In this material world everyone is suffering — the birds, the beasts, the trees, the animals, the plants, and even Brahmā and Indra. Indra is also not safe; he is always in anxiety about competitors who may come.
tat sādhu manye 'sura-varya dehināḿ
(Bhāg. 7.5.5)
Why is everyone in this material world always in anxiety? Avidyā-kāma-karmabhiḥ: because they are rascals. Therefore Kṛṣṇa stresses, "You rascal, give up all your nonsense and surrender unto Me." This is Kṛṣṇa's very good mercy. He is the supreme father. Therefore He directly says, sarva-guhyatamam: "This is the most confidential knowledge." Sarva-dharmān parityajya mām ekaḿ śaraṇaḿ vraja: [Bg. 18.66] "You rascal, give up everything and simply surrender unto Me."

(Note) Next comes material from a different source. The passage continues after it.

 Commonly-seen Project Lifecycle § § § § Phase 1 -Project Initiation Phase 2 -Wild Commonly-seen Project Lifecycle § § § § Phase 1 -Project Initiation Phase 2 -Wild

Therefore Kuntī says, "You have come to teach rascals like this and engage them in hearing, remembering, and worship." This is bhakti. Śravaṇaḿ kīrtanaḿ viṣṇoḥ: [SB 7.5.23] one should hear and chant about Viṣṇu, Kṛṣṇa. But as soon as devotees begin to hear and chant about Viṣṇu, some rascal svāmī will say, "No, hearing or chanting any name will do. Why Viṣṇu? Why not Kālī?" In Bengal there is a group of people who have invented "kālī-kīrtana," chanting the name of the demigoddess Kālī. What is this nonsense? In the Vedic literature there is no such thing as "kālī-kīrtana." Kīrtana means śravaṇaḿ kīrtanaḿ viṣṇoḥ [SB 7.5.23] — hearing and chanting about Viṣṇu, Kṛṣṇa. The Vedic literature recommends harer nāma [Adi 17.21], chanting of the holy name of Hari, Kṛṣṇa, and no one else.

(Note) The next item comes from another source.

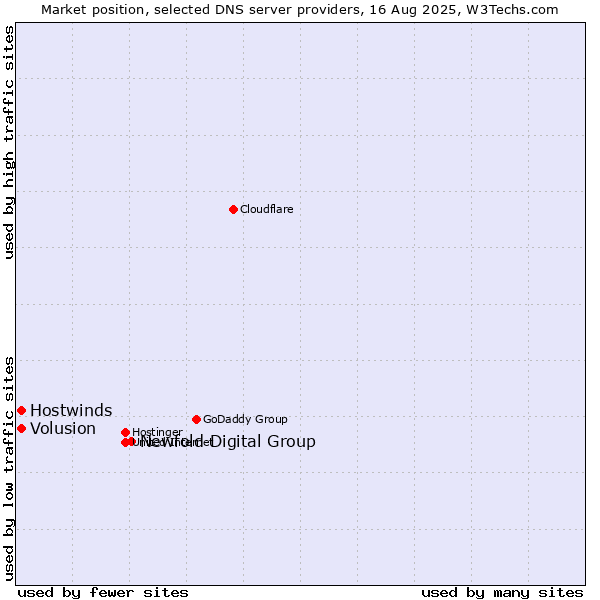 Market position of Newfold Digital Group vs. Volusion vs. Hostwinds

This śravaṇaḿ kīrtanam, hearing and chanting, was described very nicely by Śukadeva Gosvāmī in the Second Canto of Śrīmad-Bhāgavatam (2.4.15). He said:
yat-kīrtanaḿ yad-smaraṇaḿ yad-īkṣaṇaḿ
Before speaking Śrīmad-Bhāgavatam, Śukadeva Gosvāmī offered his obeisances to Kṛṣṇa with this verse. He said, "I offer my obeisances unto Him, for simply hearing of Him is subhadra, auspicious." The entire Bhāgavatam is glorification of Kṛṣṇa, and this is glorification by Śukadeva Gosvāmī. He says that one can be perfectly purified if one either glorifies Kṛṣṇa, meditates upon Him, or simply sits before the Deity of Kṛṣṇa and sees Him, thinking, "How nicely dressed is Kṛṣṇa. How nicely dressed is Rādhārāṇī." If one has no ability to chant or if one's mind is so disturbed that one cannot fix it upon Kṛṣṇa, one is given this chance: "Here is the Deity. Simply see Him." If one is engaged in the service of the Deity, there is a good chance of always seeing Him, twenty-four hours a day. While cleansing the floor of the temple, while dressing the Deity, while bathing the Deity, or while offering Him food, one will always see Him. This is the process of devotional service, but people are such fallen rascals that they do not even go see the Deity. "Oh," they think, "what is this Deity worship? It is idol worship." They may worship the statue of Gandhi or someone else, but when asked to come see the worship of the Deity they will say, "No, this is idol worship."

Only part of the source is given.